2019-2024 Jérémie Decock

[![Open in Google Colab](https://colab.research.google.com/assets/colab-badge.svg)](https://colab.research.google.com/github/jeremiedecock/polytechnique-inf581-2024-students/blob/main/lab5_rl2_tdlearning_qlearning_sarsa.ipynb)

[![My Binder](https://mybinder.org/badge_logo.svg)](https://mybinder.org/v2/gh/jeremiedecock/polytechnique-inf581-2024-students/main?filepath=lab5_rl2_tdlearning_qlearning_sarsa.ipynb)

[![NbViewer](https://raw.githubusercontent.com/jupyter/design/main/logos/Badges/nbviewer_badge.svg)](https://nbviewer.jupyter.org/github/jeremiedecock/polytechnique-inf581-2024-students/blob/main/lab5_rl2_tdlearning_qlearning_sarsa.ipynb)

[![Local](https://img.shields.io/badge/Local-Save%20As...-blue)](https://github.com/jeremiedecock/polytechnique-inf581-2024-students/raw/main/lab5_rl2_tdlearning_qlearning_sarsa.ipynb)

## Introduction

The purpose of this lab is to introduce some classic concepts used
in reinforcement learning: *Temporal Difference Learning* (*TD Learning*), *QLearning* and *SARSA*.

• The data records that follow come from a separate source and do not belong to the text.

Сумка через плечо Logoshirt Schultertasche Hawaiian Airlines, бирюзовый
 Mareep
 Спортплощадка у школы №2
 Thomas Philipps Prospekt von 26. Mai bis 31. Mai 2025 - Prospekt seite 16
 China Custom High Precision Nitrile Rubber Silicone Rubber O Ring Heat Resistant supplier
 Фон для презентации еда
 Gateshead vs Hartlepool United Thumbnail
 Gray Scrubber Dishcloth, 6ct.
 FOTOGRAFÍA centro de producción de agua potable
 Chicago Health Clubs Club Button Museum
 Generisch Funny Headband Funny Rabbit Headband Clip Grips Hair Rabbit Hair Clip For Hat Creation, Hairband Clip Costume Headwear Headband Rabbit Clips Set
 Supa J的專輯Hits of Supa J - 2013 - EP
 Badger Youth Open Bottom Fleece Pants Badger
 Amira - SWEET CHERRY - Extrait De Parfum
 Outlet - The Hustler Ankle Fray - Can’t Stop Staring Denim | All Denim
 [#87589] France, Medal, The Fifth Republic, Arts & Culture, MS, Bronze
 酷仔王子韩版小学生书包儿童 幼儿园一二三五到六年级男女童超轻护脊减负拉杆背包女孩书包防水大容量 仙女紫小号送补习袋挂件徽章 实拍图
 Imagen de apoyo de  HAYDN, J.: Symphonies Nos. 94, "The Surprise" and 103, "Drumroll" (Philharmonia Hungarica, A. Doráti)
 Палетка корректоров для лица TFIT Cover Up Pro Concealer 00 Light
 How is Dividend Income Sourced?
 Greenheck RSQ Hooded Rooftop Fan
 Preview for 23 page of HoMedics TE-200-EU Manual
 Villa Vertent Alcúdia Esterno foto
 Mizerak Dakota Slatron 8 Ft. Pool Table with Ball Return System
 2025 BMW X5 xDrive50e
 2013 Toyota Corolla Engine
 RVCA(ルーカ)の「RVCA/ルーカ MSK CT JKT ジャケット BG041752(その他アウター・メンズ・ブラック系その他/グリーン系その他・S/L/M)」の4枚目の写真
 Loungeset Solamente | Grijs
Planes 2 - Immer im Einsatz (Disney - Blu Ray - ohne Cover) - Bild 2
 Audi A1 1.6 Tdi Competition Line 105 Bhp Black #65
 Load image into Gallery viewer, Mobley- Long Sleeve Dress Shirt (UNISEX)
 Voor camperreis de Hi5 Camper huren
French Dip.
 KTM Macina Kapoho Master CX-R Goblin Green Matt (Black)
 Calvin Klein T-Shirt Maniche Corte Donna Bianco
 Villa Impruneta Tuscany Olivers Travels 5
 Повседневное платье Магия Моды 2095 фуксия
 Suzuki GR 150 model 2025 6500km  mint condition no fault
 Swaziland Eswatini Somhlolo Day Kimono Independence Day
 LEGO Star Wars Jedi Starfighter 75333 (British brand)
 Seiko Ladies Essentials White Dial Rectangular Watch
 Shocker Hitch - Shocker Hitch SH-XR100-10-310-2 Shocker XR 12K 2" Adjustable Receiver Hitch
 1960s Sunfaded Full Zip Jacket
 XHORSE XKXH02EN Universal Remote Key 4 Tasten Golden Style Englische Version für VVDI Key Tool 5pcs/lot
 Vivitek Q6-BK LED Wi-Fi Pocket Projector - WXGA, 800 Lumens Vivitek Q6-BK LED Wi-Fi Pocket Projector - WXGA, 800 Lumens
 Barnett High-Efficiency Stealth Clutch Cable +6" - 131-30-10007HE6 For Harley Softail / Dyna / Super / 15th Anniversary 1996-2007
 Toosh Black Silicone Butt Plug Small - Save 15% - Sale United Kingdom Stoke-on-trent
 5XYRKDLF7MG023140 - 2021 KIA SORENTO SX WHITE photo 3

**Notice**: Here we assume that the reward only depends on the state: $r(\boldsymbol{s}) \equiv \mathcal{R}(\boldsymbol{s}, \boldsymbol{a}, \boldsymbol{s}')$.

## Python requirements

This notebook requires the following Python libraries: *Gymnasium*, NumPy, Pandas, Seaborn and Imageio.

### If you use Google Colab

Execute the next cell to install required libraries.

In [None]:
colab_requirements = [
    "gymnasium",
    "numpy",
    "pandas",
    "seaborn"
]
import sys, subprocess
def run_subprocess_command(cmd):
    # run the command
    process = subprocess.Popen(cmd.split(), stdout=subprocess.PIPE)
    # print the output
    for line in process.stdout:
        print(line.decode().strip())
        
if "google.colab" in sys.modules:
    for i in colab_requirements:
        run_subprocess_command("pip install " + i)

### If you use MyBinder

Required libraries are already installed, you have nothing to do.

### If you have downloaded the notebook on your computer and execute it in your own Python environment

Uncomment and execute the following cell to install required packages in your local environment (remove only the `#` not the `!`).

In [2]:
#!pip install gymnasium imageio numpy pandas seaborn

## Import required libraries

In [None]:
%matplotlib inline

import matplotlib
import matplotlib.pyplot as plt

import math
import gymnasium as gym
import numpy as np
import copy
import pandas as pd
import seaborn as sns

In [None]:
sns.set_context("talk")

In [None]:
#matplotlib.rcParams['figure.figsize'] = (20.0, 10.0)

## Setup the FrozenLake toy problem with Gymnasium

For the purpose of focusing on the algorithms, we will use standard environments provided
by the Gymnasium framework. Especially, as in Lab 4, we will try to solve the FrozenLake-v1
problem (https://gymnasium.farama.org/environments/toy_text/frozen_lake/).
As a reminder, this environment is described [here](https://gymnasium.farama.org/environments/toy_text/frozen_lake/).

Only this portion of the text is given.